Work order: From the listing below, please restate exactly the lines beginning at the one with "Recuperación de los" and ending at the one with "UNIQUE OPPORTUNITY!! GROUND", both included, and skip the pictures.

Records to use:
▶

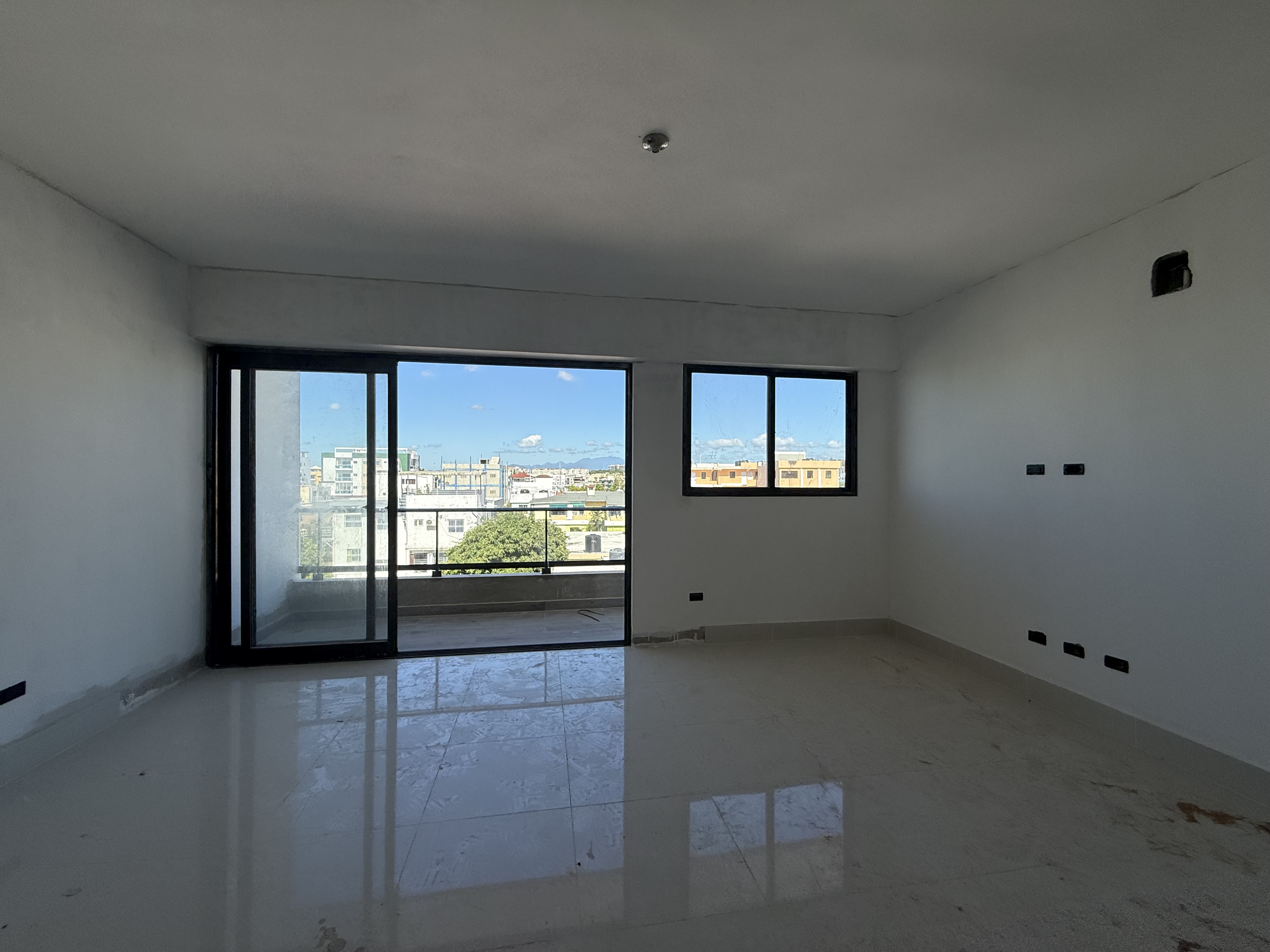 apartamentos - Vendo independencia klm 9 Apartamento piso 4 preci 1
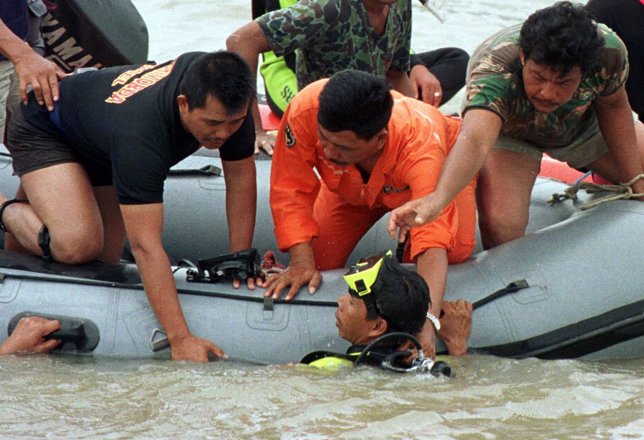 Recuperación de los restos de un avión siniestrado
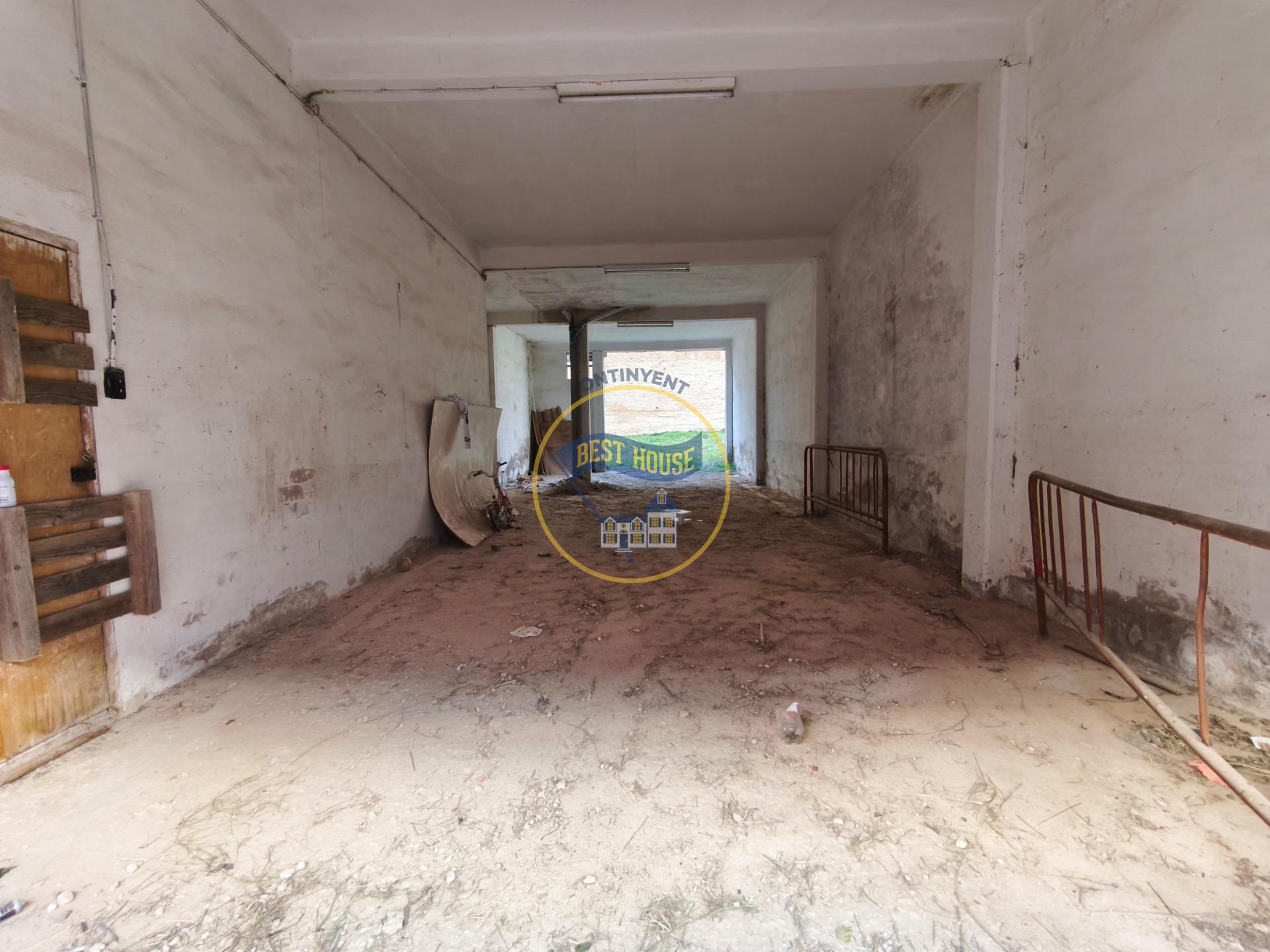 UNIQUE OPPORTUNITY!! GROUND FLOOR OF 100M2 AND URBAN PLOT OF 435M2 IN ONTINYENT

◀
▶

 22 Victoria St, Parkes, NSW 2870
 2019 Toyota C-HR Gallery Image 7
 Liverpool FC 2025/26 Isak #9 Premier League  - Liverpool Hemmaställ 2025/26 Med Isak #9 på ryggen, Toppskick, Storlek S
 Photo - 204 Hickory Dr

◀

Solution to this exercise:
 Recuperación de los restos de un avión siniestrado
 UNIQUE OPPORTUNITY!! GROUND FLOOR OF 100M2 AND URBAN PLOT OF 435M2 IN ONTINYENT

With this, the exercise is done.